• RECORDS:
|---|

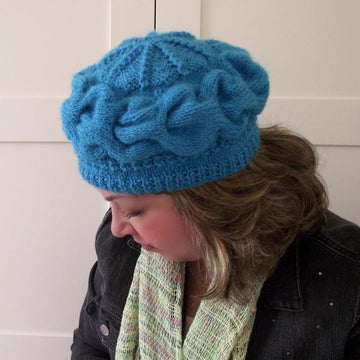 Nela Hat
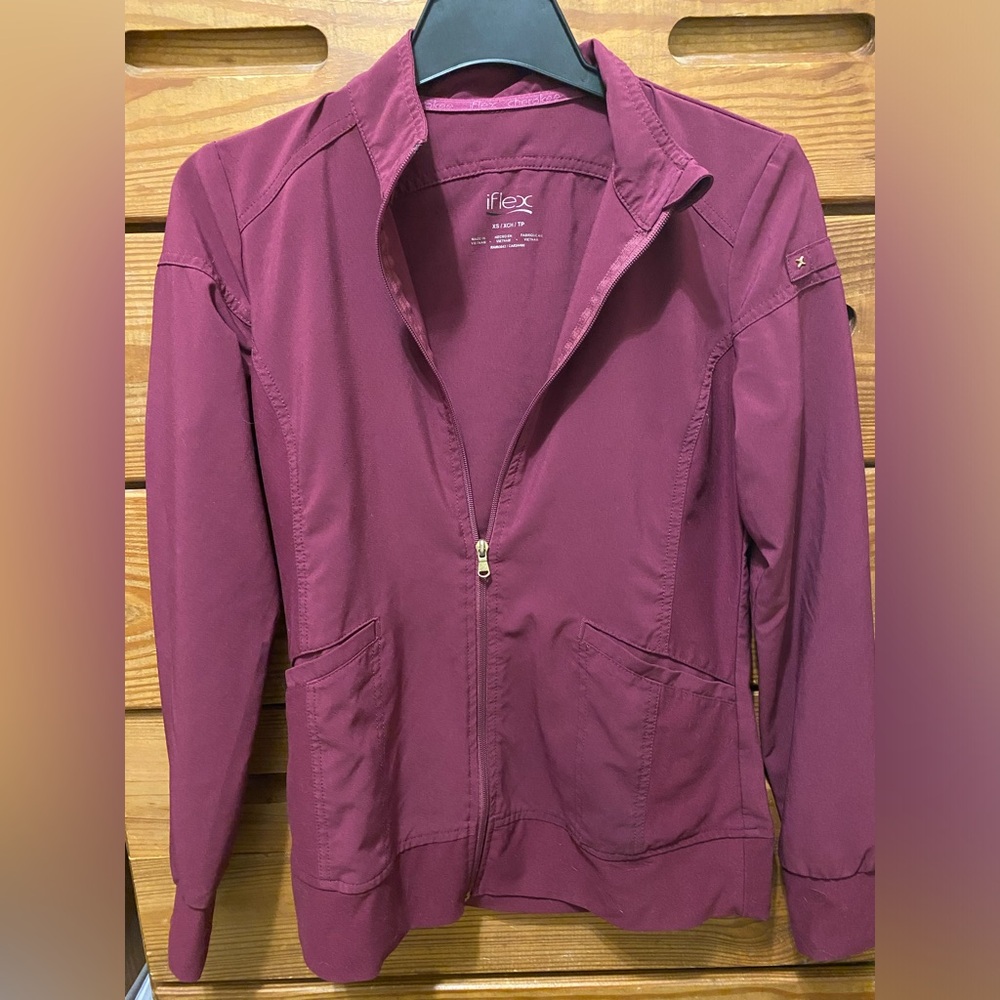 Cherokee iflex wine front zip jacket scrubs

|---|

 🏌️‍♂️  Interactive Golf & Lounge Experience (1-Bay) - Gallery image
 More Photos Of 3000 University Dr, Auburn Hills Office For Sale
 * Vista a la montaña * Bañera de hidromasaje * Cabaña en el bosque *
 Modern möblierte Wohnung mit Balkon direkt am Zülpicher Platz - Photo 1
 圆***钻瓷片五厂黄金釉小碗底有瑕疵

|---|

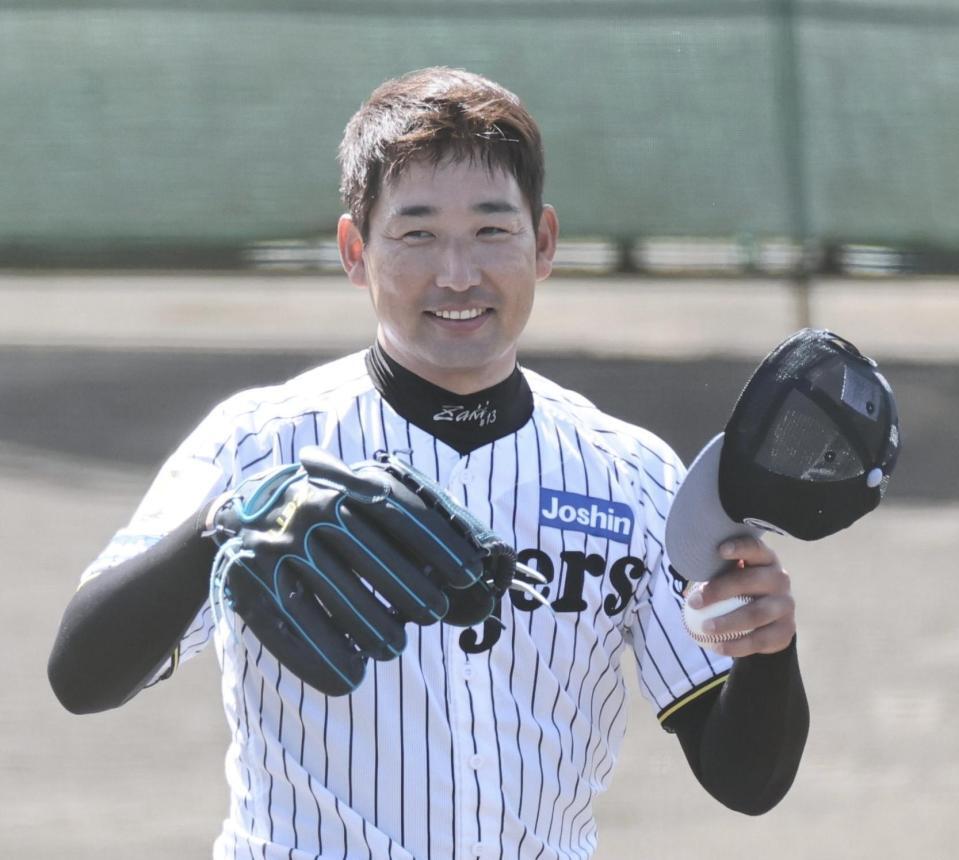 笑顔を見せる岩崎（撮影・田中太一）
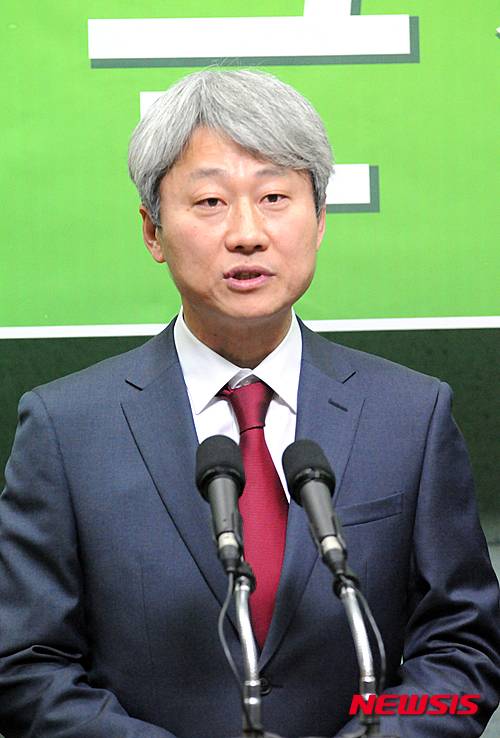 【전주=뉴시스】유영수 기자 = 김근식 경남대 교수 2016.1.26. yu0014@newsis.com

|---|

• WHAT TO PRODUCE:
Above are the records; repeat exactly the lines from the one holding "More Photos Of" down to the one holding "圆***钻瓷片五厂黄金釉小碗底有瑕疵", end lines included.

• ANSWER TO THE EXERCISE:
 More Photos Of 3000 University Dr, Auburn Hills Office For Sale
 * Vista a la montaña * Bañera de hidromasaje * Cabaña en el bosque *
 Modern möblierte Wohnung mit Balkon direkt am Zülpicher Platz - Photo 1
 圆***钻瓷片五厂黄金釉小碗底有瑕疵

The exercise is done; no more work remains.